-- Task to carry out --
In the records below, count every line containing "find". Reply with the number only.

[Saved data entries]
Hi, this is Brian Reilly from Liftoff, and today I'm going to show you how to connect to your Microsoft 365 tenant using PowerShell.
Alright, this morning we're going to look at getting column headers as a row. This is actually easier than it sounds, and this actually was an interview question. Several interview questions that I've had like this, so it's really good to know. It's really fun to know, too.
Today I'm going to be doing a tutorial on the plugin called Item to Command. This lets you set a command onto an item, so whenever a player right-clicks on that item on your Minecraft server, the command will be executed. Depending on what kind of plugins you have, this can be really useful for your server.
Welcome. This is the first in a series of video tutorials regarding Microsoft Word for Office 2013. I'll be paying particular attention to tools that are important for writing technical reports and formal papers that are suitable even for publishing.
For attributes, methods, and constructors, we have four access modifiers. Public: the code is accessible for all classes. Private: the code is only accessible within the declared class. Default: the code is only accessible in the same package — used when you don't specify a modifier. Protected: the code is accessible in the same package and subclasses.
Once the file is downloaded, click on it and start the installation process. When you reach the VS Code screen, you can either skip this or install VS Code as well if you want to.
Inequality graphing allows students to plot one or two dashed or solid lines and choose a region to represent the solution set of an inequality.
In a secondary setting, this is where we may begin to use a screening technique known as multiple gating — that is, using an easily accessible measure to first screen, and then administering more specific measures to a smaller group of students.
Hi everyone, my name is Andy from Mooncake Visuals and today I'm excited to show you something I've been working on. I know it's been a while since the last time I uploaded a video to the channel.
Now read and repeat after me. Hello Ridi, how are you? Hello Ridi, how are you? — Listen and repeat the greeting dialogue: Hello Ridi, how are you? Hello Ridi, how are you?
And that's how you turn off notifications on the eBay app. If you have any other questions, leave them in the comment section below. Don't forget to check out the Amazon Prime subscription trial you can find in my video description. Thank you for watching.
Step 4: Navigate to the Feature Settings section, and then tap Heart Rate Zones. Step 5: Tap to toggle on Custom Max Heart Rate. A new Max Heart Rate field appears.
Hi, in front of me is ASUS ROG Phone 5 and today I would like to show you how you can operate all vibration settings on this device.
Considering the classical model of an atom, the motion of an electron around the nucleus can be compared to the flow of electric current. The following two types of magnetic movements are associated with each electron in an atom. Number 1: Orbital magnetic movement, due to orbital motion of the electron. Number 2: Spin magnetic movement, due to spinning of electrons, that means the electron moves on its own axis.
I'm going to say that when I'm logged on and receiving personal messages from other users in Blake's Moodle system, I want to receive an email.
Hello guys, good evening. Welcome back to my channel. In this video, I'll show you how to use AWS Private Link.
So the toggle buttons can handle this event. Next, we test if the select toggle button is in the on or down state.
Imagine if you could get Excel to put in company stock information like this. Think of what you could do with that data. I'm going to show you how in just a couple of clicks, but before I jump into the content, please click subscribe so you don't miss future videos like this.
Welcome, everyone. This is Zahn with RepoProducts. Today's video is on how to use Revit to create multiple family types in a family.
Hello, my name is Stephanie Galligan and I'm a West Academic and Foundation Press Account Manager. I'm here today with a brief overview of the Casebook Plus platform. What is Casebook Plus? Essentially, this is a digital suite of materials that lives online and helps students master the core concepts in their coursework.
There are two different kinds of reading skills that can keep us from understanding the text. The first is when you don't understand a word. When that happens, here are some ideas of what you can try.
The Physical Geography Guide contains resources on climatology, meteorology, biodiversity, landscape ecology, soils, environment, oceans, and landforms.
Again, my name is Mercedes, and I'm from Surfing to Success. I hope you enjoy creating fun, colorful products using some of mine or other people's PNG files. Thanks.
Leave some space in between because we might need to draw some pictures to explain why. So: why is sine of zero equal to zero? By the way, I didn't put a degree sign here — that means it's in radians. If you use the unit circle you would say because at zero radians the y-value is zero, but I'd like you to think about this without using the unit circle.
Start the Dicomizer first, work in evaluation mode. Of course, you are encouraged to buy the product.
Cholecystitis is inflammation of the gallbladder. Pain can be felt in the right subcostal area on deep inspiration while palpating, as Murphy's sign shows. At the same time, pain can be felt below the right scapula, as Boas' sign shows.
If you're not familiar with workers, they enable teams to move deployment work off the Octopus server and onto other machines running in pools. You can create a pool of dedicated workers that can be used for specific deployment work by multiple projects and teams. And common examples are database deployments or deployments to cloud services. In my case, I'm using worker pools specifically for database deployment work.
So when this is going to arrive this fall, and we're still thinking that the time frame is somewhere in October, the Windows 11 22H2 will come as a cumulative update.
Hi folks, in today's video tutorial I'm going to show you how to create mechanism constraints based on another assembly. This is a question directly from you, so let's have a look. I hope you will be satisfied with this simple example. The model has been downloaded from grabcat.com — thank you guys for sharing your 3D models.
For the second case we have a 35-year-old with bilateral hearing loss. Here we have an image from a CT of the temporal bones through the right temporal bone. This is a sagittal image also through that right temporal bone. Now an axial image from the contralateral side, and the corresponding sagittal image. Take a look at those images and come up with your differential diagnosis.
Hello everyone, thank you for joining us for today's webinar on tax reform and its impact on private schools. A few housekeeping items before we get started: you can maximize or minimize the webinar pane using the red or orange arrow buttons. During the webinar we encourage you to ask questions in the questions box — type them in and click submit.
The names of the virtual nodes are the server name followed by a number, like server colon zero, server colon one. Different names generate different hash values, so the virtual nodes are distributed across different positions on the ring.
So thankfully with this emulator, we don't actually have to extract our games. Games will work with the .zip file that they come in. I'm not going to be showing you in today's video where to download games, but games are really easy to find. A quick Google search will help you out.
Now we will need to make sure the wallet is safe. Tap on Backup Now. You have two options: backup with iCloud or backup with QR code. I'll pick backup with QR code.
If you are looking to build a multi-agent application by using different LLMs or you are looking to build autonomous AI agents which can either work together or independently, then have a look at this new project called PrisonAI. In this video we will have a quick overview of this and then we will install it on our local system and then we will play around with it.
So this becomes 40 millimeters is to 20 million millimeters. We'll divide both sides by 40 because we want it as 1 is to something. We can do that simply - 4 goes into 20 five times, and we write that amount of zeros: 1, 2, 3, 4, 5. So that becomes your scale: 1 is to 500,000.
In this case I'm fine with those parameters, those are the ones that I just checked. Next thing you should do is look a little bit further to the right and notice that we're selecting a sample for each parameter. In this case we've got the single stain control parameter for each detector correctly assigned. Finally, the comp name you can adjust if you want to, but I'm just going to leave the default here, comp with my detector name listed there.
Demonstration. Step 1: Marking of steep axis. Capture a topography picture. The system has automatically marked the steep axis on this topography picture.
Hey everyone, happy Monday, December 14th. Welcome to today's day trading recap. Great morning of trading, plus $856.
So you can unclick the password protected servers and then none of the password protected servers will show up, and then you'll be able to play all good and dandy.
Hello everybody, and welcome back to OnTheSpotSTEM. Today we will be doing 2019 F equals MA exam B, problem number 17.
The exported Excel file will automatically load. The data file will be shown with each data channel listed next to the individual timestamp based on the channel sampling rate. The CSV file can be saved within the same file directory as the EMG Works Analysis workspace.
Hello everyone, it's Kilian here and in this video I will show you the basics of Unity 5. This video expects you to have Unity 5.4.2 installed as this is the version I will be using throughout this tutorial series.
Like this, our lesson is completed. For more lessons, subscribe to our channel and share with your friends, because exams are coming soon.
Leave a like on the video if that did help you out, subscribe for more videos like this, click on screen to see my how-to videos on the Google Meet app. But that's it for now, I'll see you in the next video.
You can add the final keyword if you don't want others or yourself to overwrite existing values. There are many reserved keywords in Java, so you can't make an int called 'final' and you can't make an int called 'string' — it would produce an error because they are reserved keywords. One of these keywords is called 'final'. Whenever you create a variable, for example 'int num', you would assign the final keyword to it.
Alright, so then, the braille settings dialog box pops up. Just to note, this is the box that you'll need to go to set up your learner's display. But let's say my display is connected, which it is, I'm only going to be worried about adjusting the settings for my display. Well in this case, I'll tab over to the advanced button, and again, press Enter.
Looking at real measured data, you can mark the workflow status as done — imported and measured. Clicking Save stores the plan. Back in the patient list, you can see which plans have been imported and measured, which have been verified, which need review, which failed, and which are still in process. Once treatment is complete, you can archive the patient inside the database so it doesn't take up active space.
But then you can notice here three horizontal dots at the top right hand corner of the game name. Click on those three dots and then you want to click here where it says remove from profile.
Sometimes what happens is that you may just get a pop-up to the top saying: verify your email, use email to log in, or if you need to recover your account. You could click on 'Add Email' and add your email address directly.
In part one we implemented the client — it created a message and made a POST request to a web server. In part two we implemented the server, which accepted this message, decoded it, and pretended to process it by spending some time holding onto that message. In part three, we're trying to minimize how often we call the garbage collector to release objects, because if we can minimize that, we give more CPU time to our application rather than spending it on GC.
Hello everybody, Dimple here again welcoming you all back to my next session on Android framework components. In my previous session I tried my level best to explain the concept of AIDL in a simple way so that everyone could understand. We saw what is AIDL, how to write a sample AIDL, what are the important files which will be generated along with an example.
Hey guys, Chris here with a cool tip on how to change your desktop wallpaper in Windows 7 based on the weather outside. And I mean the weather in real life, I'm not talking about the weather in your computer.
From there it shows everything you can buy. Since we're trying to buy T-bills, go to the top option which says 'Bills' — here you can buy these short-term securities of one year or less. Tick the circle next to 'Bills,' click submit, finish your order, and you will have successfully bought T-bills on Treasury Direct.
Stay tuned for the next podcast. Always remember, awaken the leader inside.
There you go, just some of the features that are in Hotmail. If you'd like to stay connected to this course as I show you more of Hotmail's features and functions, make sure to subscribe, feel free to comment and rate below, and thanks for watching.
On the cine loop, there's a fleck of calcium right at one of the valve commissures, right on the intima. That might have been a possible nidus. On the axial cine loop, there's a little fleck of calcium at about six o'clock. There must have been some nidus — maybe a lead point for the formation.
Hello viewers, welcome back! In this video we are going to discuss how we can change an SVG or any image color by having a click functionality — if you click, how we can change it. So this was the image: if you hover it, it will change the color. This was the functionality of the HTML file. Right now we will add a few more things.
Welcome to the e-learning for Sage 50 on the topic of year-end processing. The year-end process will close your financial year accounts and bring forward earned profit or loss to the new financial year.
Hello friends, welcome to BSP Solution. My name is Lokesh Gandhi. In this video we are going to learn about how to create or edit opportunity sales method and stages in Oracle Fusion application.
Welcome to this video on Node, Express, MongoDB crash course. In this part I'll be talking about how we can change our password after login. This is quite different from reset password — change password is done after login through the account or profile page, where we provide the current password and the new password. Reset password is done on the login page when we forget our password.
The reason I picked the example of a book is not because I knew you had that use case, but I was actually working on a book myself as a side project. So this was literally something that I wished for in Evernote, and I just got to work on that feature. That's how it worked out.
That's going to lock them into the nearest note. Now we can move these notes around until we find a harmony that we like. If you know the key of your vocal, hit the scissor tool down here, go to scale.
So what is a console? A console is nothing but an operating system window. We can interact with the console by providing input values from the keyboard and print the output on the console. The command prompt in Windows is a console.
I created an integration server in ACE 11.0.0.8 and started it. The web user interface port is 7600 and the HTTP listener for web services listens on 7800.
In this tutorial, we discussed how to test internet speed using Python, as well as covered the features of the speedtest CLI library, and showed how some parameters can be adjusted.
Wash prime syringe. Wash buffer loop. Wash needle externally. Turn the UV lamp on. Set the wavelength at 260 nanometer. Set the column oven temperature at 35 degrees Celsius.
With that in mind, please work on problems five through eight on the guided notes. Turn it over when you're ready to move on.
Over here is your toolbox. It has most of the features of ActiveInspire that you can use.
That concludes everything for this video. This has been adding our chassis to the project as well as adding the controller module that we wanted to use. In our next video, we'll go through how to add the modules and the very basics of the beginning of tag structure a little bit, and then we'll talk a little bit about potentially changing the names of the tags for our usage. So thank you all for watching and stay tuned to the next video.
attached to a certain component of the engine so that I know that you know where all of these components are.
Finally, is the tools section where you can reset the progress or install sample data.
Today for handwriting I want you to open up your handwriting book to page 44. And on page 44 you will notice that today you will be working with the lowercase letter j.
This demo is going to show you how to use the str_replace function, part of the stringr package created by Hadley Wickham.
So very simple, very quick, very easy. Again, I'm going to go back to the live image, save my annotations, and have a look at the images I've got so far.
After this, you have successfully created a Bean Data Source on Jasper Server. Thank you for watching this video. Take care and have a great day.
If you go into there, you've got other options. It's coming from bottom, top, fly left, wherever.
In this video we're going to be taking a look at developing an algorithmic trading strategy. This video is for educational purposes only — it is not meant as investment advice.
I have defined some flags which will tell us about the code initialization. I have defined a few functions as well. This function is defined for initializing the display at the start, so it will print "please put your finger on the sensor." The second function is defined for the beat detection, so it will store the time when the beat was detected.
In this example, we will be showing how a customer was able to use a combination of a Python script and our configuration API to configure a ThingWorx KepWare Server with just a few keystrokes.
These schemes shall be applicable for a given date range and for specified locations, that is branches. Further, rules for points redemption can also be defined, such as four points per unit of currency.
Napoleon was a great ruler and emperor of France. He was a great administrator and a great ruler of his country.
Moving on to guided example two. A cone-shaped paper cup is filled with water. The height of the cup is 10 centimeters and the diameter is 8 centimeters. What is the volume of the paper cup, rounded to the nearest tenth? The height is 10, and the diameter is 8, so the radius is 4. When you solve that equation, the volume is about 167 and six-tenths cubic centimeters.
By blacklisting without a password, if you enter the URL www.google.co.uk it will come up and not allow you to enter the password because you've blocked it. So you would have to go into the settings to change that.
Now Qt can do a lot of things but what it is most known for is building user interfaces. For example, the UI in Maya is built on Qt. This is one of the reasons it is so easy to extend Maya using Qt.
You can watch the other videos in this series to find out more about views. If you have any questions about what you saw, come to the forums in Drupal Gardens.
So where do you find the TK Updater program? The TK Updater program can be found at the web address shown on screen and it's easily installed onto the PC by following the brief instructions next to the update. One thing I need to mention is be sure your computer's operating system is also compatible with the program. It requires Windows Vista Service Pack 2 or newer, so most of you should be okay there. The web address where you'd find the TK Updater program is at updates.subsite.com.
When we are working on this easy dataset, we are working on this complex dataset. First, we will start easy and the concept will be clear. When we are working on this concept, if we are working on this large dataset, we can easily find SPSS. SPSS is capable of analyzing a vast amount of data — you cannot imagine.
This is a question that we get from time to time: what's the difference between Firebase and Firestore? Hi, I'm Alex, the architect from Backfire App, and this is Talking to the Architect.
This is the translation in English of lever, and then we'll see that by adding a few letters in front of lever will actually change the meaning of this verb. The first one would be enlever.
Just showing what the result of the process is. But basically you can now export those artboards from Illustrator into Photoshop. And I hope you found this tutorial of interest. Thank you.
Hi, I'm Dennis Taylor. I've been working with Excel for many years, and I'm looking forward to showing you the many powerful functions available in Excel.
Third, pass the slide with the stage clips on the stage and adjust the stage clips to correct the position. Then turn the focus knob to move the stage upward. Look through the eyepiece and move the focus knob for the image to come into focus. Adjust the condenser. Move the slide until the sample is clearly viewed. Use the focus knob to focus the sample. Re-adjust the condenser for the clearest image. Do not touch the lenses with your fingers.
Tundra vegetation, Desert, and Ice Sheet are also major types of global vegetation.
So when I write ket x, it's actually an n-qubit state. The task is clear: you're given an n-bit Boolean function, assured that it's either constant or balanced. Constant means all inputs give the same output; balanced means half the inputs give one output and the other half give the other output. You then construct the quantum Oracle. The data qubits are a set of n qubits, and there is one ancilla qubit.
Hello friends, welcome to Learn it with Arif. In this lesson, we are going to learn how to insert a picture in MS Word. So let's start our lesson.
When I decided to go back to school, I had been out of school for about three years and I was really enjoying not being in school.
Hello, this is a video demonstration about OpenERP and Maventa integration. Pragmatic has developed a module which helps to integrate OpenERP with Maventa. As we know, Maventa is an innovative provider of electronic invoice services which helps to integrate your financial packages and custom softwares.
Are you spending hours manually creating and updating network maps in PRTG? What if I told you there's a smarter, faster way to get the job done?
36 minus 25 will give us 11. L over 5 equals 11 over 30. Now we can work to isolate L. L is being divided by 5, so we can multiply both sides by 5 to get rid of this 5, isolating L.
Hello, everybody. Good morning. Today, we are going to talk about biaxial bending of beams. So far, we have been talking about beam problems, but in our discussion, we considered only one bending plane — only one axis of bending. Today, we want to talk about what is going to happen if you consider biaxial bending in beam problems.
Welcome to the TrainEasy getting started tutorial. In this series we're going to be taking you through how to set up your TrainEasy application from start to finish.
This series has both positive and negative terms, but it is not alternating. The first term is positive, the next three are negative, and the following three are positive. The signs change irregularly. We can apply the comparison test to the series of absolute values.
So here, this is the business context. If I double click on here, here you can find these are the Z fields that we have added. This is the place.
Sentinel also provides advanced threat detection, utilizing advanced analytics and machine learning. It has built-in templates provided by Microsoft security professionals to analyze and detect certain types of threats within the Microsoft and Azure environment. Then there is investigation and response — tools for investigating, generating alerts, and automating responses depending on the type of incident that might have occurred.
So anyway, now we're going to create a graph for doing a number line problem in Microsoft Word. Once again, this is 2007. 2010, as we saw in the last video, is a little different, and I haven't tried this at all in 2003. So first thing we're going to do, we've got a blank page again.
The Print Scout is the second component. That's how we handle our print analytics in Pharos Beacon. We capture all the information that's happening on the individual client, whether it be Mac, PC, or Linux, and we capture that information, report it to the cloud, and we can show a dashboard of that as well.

-- Exercise output --
7